Texas and The Alamo: Conflict between Mexico and the United States (Part IV)

Revolution gives rise to a new Nation

The Alamo Church The Alamo Church

At the end of the French and Indian War, with the signing of a treaty in Paris on February 10th 1763, the British Empire now counted seventeen total colonies in the new world. Two were added by the war with Upper and Lower Canada and another two with East and West Florida.

After the war France saw little value in the Louisiana territories that they retained after the war and ceded it to their war ally Spain. Spain even though lost its claim to Florida now had a buffer of land between Mexico and the English colonies. They also gained the city of New Orleans and navigation on the Mississippi River. Britain, although it looked as if they came out the overall winner in the war, made post war decisions that would be more far reaching and detrimental to their presence in North America.

The first detrimental decision was made by King George III in his Royal Proclamation of 1763. In it he included provisions that reserved lands west of the Appalachian Mountains for the native population.  This angered the thirteen original English colonies that had desires on expanding into these western lands.

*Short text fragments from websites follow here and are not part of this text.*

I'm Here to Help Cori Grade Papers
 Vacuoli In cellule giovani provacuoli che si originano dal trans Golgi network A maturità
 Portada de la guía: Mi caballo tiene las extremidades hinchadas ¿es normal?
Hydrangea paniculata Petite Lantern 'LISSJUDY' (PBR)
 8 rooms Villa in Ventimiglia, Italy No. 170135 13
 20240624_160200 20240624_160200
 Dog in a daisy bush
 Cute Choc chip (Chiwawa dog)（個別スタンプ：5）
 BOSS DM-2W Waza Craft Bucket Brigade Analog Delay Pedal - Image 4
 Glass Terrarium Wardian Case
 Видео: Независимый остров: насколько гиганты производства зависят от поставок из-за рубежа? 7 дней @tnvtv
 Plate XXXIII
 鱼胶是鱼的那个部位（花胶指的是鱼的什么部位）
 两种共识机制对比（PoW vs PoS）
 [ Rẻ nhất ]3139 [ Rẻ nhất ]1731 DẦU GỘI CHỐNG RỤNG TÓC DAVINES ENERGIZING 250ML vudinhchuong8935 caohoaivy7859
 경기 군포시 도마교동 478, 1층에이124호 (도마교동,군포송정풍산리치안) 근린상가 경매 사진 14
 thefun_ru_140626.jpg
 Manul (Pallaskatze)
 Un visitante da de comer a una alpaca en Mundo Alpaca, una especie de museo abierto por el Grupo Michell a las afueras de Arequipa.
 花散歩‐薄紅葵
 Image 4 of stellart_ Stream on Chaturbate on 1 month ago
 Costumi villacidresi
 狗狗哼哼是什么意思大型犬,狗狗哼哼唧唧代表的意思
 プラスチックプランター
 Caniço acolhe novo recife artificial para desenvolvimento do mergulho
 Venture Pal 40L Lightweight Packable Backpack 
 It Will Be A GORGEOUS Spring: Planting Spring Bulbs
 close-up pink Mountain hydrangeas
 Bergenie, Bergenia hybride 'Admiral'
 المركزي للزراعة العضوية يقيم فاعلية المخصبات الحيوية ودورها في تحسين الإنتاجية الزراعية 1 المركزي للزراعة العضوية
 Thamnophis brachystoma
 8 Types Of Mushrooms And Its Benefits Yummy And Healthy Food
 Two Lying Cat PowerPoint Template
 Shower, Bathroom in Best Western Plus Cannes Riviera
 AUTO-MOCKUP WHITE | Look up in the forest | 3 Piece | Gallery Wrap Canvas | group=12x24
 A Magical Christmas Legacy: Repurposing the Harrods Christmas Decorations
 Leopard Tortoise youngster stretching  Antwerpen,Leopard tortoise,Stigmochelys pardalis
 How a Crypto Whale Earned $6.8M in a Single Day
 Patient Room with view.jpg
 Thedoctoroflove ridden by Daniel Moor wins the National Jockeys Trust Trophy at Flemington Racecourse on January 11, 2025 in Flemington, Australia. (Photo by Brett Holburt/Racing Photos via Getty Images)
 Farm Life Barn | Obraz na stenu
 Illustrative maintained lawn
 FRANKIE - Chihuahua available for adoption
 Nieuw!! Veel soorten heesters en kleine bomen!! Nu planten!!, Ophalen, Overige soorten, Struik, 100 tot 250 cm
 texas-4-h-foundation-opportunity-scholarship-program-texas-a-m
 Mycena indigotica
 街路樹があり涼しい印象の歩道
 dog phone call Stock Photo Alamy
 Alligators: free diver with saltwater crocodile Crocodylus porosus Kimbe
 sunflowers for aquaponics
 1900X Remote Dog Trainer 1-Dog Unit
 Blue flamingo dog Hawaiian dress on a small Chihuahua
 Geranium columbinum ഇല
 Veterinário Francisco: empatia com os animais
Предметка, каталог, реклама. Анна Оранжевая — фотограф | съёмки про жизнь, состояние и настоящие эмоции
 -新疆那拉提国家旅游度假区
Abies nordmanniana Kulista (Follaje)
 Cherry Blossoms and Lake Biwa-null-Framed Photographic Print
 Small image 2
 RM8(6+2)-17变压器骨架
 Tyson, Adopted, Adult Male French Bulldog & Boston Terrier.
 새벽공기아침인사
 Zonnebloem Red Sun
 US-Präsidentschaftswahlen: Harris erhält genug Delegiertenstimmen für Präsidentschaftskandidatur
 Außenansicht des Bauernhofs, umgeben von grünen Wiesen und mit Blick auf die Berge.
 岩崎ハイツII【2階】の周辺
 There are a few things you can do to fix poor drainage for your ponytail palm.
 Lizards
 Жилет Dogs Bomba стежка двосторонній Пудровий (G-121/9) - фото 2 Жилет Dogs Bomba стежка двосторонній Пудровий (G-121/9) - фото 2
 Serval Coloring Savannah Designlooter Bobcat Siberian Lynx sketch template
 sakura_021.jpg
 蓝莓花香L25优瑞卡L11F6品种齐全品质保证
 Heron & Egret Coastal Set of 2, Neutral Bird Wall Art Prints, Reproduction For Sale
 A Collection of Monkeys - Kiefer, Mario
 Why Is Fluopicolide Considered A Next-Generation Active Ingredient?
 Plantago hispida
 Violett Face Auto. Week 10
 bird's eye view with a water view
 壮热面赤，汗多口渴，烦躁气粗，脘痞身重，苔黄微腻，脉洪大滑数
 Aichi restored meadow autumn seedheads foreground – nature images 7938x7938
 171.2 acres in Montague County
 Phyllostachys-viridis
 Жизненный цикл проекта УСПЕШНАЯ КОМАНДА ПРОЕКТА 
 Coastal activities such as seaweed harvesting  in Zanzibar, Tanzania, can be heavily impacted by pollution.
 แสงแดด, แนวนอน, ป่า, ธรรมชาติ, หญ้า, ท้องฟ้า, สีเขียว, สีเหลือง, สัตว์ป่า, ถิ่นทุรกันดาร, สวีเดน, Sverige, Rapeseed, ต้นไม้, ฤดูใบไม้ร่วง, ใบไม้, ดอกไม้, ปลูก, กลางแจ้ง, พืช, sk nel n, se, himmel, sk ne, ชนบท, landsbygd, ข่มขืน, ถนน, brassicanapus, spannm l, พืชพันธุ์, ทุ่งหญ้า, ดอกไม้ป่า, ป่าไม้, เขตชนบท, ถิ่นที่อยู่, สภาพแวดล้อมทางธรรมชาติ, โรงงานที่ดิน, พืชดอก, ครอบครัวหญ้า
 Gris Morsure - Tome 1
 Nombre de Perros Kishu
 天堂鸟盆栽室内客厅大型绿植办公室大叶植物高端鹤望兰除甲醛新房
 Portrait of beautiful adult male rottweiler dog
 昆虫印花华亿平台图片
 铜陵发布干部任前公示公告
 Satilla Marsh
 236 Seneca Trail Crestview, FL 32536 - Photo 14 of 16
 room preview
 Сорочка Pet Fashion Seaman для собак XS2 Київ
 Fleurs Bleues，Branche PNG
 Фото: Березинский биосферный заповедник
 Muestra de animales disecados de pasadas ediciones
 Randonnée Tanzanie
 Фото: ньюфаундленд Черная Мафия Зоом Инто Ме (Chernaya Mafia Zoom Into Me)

It was their expansion into those regions that helped to spark the war in the first place. Also with the French gone and the Spanish, for the most part, far away the thirteen colonies didn’t see the need for the protection of the British military. The last fatal decision by Britain was their plan to pay off their large war debt by imposing new taxes on those thirteen colonies. Their new colonies in Canada and Florida were excluded from these taxes. The British Parliament passed the Stamp Act in 1765 and the Tea Tax in 1773, these being the most infamous of the new taxes. Although each colony had a Colonial government, and the colonists felt that they were equal English citizens with their cousins across the ocean, they were never given a seat in the English Parliament. The new imposed taxes they felt was unjust because they had no representation in Parliament to plead their case. As the unrest grew in the thirteen colonies, especially in the Massachusetts Colony, Parliament and the King sent British troops to subdue the resistance. The actions by these troops further angered the colonists into open rebellion and finally revolution.

On July 4th 1776 the thirteen colonies declared their independence from their mother country of Britain. As the war draw on King George III lost support in Parliament for the continuation of the fighting in America. On September 3, 1783 “the Treaty of Paris” was signed ending the American Revolution. By the early part of 1784 the Continental Congress had ratified that treaty and the United States of American was officially a born.

The new thirteen Untied States were no longer restricted by King George’s proclamation halting their westward trek. The enterprises and population of those States had been growing at a tremendous rate since their founding and they needed land, and lots of it. The post war westward explosion was beginning, and Spain was watching.